Born in Thessalonica, Macedonia, they renounced the riches and prestige of their aristocratic family line and became priests. Eventually they were called to serve the Moravian people, and to do so effectively Cyril invented a new script alphabet. This alphabet, eventually known as Cyrillic, serves as the origin for many Eurasian, Slavic, Russian and Serbian written languages used by more than 250 million people today.
Not everyone welcomed the missionaries’ efforts, and because of tensions with some of the local and Byzantine rulers, they were eventually called to Rome by Pope Nicholas I. While there, Cyril died.

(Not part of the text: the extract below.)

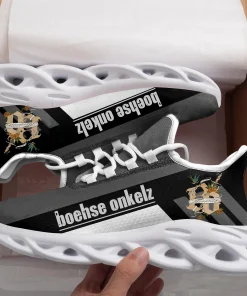 Böhse Onkelz New Shoes max soul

Methodius was confirmed in the orthodoxy of his endeavors by Nicholas’ successor. He returned to his vocation, and was eventually named archbishop of Moravia and Pannonia. He continued to struggle in his defense of the faith, dying in office in 885.

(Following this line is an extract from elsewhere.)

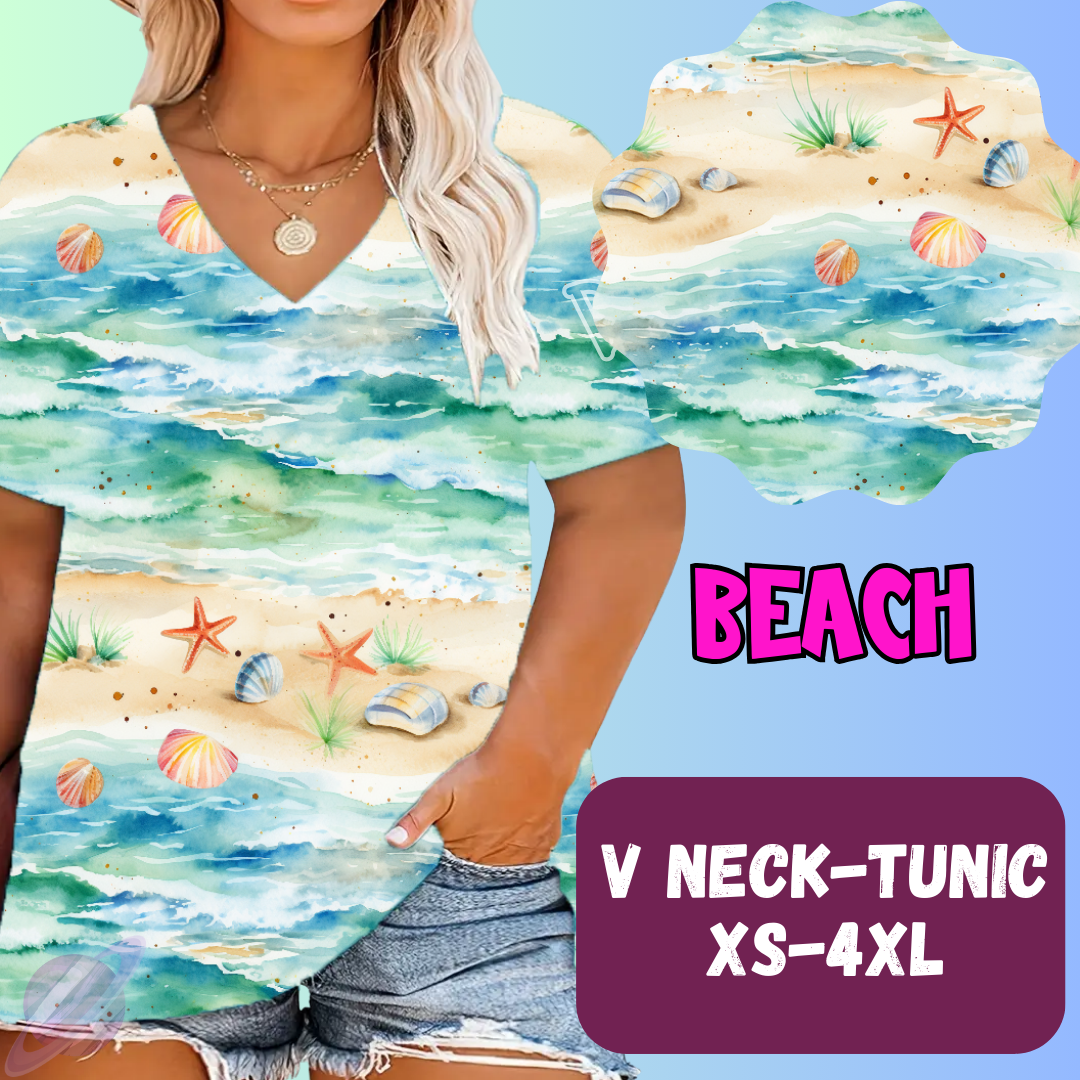 Beach Tops & Bottoms *Pre-Order*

Cyril and Methodius are today known as the Apostles to the Slavs. Their lives and holiness are commemorated throughout many of the world’s Christian denominations in various celebrations and honorific titles of churches and landmarks. The United States has a major seminary named after them in Michigan.

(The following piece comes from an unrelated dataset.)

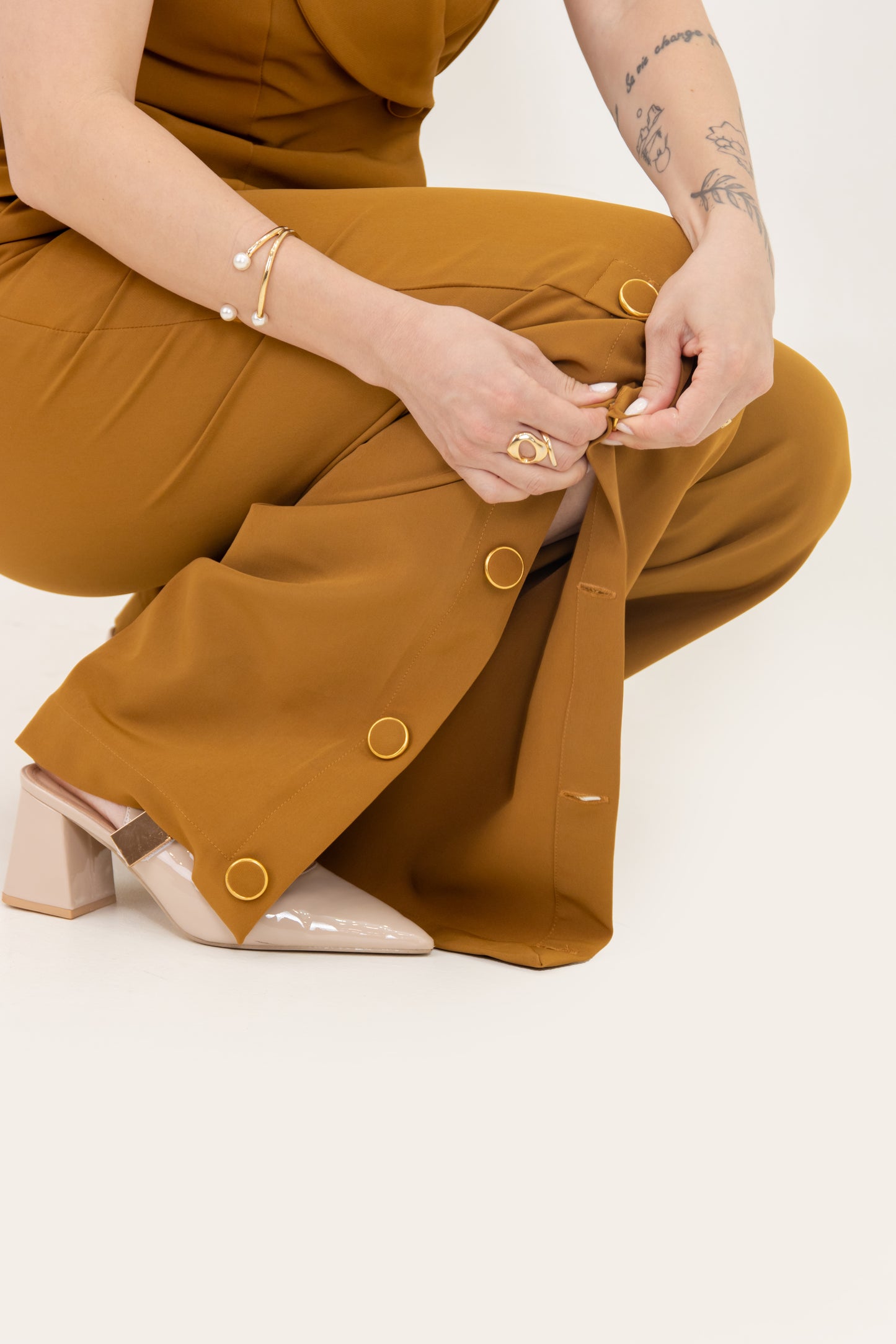Ebenezer Pants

The brothers are wonderful examples of the splendors of Christianity beyond the Latin world. Many American Catholics tend to be somewhat parochial in the way they imagine and experience their religious lives, viewing liturgy and Christian history primarily (and understandably) through the Roman lens. But as this series is trying to make evident, there is a much richer and more contoured expression of the faith, both throughout history and around the world today. Cyril and Methodius demonstrate that Christianity is not the exclusive preserve of North American and Italian believers. The faith reaches into the far corners of our globe and adapts itself to a wide variety of intellectual and philosophical thought-systems. Our countless Eastern Orthodox brothers and sisters through many generations, whom John Paul II referred to as the other “lung” of our faith, share our reverence for these great thinkers and teachers of the Gospel, and celebrate with us their heroic witness to Christ.
Michael M. Canaris, Ph.D., of Collingswood, is a Research Associate at Durham University’s Centre for Catholic Studies in Northeast England.